Comments and Suggestions for Authors

The idea of modeling the respiratory CPG for artificial breathing control is sound and promising. The manuscript provides a comprehensive computational framework and integrates it with physiological parameters, which could have significant translational impact. However, several major points need to be carefully considered and addressed before publication.

1.The manuscript describes the E-GLIF model and synaptic parameters in detail, but the description of the simulation protocols, initialization seeds, and parameter tuning still leaves ambiguities. To ensure reproducibility, the authors should provide full parameter tables, code availability, and more explicit details on how key values (e.g., connectivity probabilities, synaptic weights) were derived from experimental data .

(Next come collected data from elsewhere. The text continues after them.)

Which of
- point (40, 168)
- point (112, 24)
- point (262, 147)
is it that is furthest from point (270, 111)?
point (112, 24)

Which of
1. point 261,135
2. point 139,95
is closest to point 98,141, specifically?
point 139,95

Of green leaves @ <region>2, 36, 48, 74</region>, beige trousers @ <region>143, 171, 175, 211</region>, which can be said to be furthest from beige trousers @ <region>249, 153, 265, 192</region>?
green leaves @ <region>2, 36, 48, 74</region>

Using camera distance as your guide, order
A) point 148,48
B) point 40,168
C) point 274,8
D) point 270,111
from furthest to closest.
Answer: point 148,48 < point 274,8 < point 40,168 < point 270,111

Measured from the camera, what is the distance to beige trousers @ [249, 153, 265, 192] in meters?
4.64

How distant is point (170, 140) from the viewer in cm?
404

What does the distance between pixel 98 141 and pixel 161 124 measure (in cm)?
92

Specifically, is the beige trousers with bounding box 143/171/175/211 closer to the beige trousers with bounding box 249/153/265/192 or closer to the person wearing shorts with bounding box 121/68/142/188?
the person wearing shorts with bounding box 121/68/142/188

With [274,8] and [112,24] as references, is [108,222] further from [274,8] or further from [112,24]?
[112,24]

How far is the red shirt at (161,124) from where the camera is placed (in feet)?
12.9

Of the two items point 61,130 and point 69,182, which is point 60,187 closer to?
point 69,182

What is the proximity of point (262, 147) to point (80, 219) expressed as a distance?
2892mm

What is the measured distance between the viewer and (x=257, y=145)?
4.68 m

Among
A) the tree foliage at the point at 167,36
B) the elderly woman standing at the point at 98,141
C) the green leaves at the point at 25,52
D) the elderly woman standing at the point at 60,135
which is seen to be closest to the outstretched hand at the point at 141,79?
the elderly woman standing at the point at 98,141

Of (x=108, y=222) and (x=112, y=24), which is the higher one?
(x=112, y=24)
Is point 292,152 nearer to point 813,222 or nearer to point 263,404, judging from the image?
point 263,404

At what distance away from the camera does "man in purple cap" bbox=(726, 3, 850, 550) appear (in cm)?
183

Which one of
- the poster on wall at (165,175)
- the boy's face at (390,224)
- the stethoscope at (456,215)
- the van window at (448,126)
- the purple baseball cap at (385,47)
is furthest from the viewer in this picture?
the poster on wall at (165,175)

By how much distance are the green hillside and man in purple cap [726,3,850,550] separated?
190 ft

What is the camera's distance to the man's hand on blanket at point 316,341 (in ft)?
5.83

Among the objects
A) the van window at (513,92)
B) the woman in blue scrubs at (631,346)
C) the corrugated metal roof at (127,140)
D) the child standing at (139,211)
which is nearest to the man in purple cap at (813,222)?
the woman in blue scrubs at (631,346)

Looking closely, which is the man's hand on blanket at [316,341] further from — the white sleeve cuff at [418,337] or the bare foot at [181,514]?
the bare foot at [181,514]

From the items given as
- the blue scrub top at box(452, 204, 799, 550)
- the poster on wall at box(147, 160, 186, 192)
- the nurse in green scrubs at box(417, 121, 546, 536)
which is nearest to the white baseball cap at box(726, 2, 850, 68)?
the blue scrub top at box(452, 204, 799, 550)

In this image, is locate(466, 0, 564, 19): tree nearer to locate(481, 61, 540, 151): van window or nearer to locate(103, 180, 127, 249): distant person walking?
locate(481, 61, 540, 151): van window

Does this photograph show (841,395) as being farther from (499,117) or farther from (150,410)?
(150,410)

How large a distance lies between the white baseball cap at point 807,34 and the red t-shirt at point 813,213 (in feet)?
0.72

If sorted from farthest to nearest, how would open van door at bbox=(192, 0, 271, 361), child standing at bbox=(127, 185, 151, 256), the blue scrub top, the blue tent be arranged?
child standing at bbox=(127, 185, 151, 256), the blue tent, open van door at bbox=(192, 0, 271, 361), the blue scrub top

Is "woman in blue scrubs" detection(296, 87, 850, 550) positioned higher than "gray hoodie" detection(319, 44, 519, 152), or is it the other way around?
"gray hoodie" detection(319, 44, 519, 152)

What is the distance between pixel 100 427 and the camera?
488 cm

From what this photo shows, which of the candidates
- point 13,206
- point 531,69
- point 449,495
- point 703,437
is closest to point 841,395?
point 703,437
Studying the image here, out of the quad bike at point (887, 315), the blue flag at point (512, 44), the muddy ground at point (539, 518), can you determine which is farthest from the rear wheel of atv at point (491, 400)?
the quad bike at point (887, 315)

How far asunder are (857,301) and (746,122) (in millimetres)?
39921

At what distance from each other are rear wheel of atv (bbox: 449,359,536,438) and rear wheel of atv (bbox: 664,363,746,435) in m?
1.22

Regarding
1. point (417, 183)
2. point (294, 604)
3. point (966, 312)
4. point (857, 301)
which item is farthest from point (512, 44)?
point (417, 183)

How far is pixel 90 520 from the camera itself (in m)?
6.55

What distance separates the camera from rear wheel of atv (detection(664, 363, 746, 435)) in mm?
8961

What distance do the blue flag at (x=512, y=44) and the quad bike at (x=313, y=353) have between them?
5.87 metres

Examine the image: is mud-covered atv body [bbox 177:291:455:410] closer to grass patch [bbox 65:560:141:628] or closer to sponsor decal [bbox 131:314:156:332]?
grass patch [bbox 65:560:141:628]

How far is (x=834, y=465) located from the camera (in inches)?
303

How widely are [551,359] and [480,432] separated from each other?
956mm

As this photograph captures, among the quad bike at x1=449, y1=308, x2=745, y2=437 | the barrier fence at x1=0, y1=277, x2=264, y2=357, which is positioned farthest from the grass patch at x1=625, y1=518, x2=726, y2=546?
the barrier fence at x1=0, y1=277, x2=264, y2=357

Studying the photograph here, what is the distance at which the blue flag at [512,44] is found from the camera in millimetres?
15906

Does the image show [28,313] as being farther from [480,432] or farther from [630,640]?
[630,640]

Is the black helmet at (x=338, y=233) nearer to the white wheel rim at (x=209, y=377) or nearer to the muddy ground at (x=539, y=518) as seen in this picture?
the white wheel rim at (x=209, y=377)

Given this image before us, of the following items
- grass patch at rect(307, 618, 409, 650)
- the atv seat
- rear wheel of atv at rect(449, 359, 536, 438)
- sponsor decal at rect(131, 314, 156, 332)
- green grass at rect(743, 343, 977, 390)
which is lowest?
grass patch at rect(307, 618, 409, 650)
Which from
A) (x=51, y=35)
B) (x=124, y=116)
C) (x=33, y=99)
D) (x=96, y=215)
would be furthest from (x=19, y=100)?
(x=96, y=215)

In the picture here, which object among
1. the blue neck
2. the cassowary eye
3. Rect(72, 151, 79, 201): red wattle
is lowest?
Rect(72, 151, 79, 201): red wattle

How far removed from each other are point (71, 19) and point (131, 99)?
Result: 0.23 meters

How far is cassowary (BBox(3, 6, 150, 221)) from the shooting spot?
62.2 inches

2.While the model assumes a conserved PreBötC/RTN architecture across species, the justification for scaling rodent data to humans needs to be strengthened. The absence of direct human data on RTN should be clearly acknowledged, and the limitations of this extrapolation explicitly discussed in the main text, not only in passing in the discussion .

3. The results section convincingly shows burst and burstlet dynamics, but stronger validation against known experimental datasets is needed. For example, frequency responses to hypercapnia or synchronization failures should be quantitatively compared with published in-vivo recordings, not only qualitatively described. This would bolster confidence in the biological plausibility of the model.

4. The manuscript highlights potential applications for ECMO and closed-loop ventilation, which are indeed exciting. However, the limitations for clinical translation (e.g., real-time constraints, patient variability, safety issues) need to be more explicitly stated. The discussion should include what steps are required before moving from simulation to clinical implementation.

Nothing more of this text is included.